Von der älteren Sprache fühlen sich auch Kirchenferne stärker angesprochen
Aus Erfahrung wird man offenbar doch klug. Schon mit dem sogenannten „Eimertestament“ von 1975, in dem zum Beispiel in der Metapher das Licht nicht mehr unter einen Scheffel, sondern unter einen Eimer gestellt wurde, waren die Überarbeiter auf die Nase gefallen. Die Revision von 1984 nahm viele radikale Textveränderungen wieder zurück, besonders an den bekanntesten Stellen der Schrift.
Schwerwiegende Veränderungen wird die Bibel von 2017 nicht enthalten, es ist nämlich lediglich von einer „Durchsicht“ die Rede. Der Vorsitzende des Lenkungsausschusses, Altbischof Christoph Kähler, will mit dem theologischen und kulturellen Erbe behutsam und sorgfältig umgehen. Die Vorgabe lautet: „Der Wortlaut darf nur dort verändert werden, wo es die Treue zu den biblischen Zeugen zwingend erfordert.“
Der Ausschuß folgt also dem löblichen Grundsatz, einerseits so viel zu korrigieren wie philologisch unbedingt nötig, und andererseits so wenig am Lutherdeutsch zu verändern wie möglich. Das bedeutet sogar, daß an manchen Stellen wieder auf das kräftige Lutherdeutsch von 1545 zurückgegriffen wird, wo es philologisch sinnvoll erscheint. Zudem, so lautet eine überraschende weitere Begründung, fühlten sich von der älteren Sprache gerade auch kirchenferne Menschen stärker angesprochen.
Quellen der Schrift sind so gut erforscht wie nie zuvor
Die Durchseher gehen also zurück zu den Wurzeln. Sie stützen sich dabei auf die ältesten Quellen, die so gut erforscht sind wie nie zuvor. Die Schriftrollen aus Kumran, die zwischen 250 vor und 40 nach Christus entstanden, liegen mittlerweile vollständig ausgewertet vor. Sie bilden für den hebräischen Text des Alten Testamentes eine außerordentlich wichtige Grundlage. Auch die griechische Septuaginta gibt es nun in einer neuen Edition.
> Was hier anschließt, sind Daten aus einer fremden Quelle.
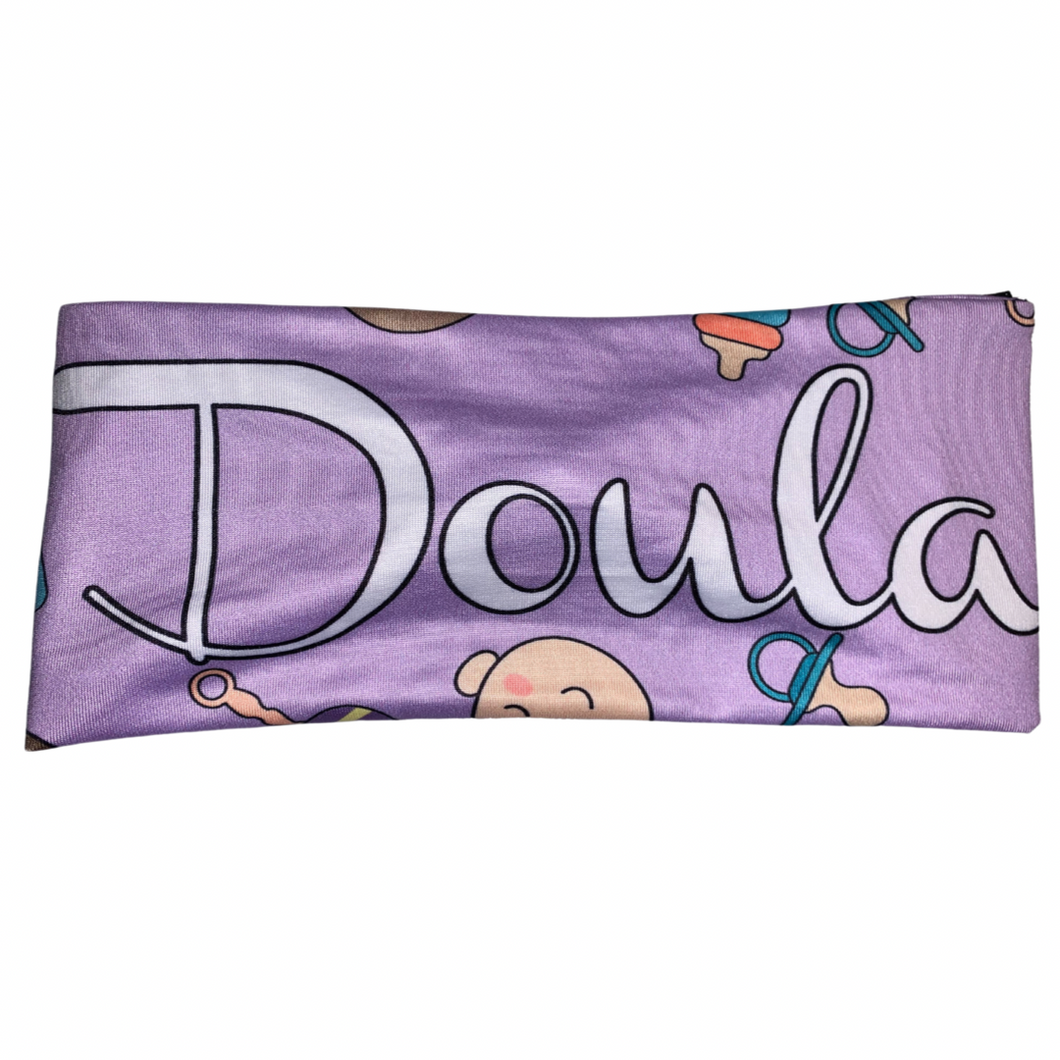 Purple Doula Band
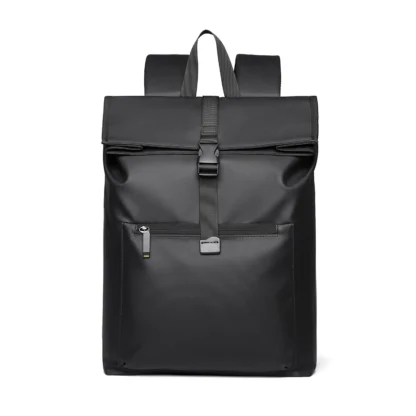Men's Convenient Hiking Backpack 2025 Business Leisure Travel Computer Bag Backpack Commuting Backpack - Image 9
Die unter anderem auch in dem Lexikon „Wikipedia“ zu lesende Behauptung, es werde nun auch geschlechtergerechte Sprache berücksichtigt, entpuppt sich glücklicherweise als haltlos. „Wir werden die Bibel nicht in ein modernes Gleichberechtigungsbuch verwandeln“, beruhigt Kähler. Lediglich ein Zugeständnis gibt es, wenn Paulus sich in seinen Briefen an die „lieben Brüder“ wendet. Da er mit dieser Anrede selbstverständlich auch die Frauen meinte, ist es gut begründbar, daß die Formulierung künftig zu den „lieben Brüdern und Schwestern“ erweitert wird. Schließlich folgte auch Martin Luther dem modernen Grundsatz, sinngemäß zu übersetzen.
So können wir dem Vorhaben alles in allem nur viel Glück und Erfolg wünschen. Wir dürfen auf das Ergebnis gespannt sein. Ich freue mich darauf und hoffe, nicht enttäuscht zu werden.